Adesso più che mai l’abolizione del porcellum costituisce un’urgenza democratica. Un dovere costituzionale che un governo che si proclama di necessità per il bene del Paese deve avvertire come priorità assoluta. E che il Presidente della Repubblica dovrebbe cercare di imporre con ogni mezzo al vertice dell’agenda nazionale, perché un paese senza una praticabile legge elettorale è privo di effettiva agibilità democratica. Una regola legittima e riconosciuta dai cittadini non svolge la sua funzione solo in caso di elezioni, ma agisce ogni giorno come monito ed opportunit à
per tutti gli attori in campo. È la precondizione esistenziale di una democrazia: vitale come è per un corpo l’aria che si respira. Altrimenti è come un fiume rimasto senza fonte. Smette di scorrere, ristagna, imputridisce. Diventa pantano, buono solo per tafani, alligatori e, appunto, caimani.
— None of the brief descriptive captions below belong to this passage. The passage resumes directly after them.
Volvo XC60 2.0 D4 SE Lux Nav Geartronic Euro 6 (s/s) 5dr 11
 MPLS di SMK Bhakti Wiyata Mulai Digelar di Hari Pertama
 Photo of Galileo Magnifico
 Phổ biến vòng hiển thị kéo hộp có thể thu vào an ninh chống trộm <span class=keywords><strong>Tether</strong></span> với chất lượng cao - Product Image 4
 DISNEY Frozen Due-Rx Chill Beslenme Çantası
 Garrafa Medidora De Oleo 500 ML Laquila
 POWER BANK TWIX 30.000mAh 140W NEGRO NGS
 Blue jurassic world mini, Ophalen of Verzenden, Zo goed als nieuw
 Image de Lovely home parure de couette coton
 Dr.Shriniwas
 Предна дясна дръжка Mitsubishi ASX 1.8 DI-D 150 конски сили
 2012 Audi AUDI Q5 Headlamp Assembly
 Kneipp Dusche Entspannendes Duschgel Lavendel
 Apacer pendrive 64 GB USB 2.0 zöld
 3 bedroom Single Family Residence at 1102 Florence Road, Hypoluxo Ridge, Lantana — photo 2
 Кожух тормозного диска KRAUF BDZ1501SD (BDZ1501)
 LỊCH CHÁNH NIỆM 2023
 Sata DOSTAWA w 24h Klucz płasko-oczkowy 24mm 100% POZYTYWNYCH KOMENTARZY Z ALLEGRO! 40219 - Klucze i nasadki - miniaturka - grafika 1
Se questo è vero sempre, figuriamoci in questo desolante passaggio italiano dove un atto dovuto del vertice della giurisdizione ha scatenato una crisi politica e una ridda di ultimatum al governo. Ma ci troviamo a dover subire tutto perché tanto “finché c’è il porcellum…”. Così diventano possibili i più disparati ricatti che non sai se definire eversione o disperato folklore, ma anche la paralisi e i veti incrociati trovano il terreno più fertile. Tocchiamo così con mano che la riforma elettorale è la precondizione per la stessa ipotesi di una qualche efficacia dell’azione della legislatura: dal versante economico a quello delle vagheggiate riforme istituzionali si può coltivare un lumicino di speranza di un sussulto virtuoso delle larghe intese, solo se i partiti avvertono come un monito sempre possibile il ritorno all’esame dei cittadini. Se invece resta l’impedimento del porcellum è come pagare una tassa da paralisi decisionale ogni minuto che passa.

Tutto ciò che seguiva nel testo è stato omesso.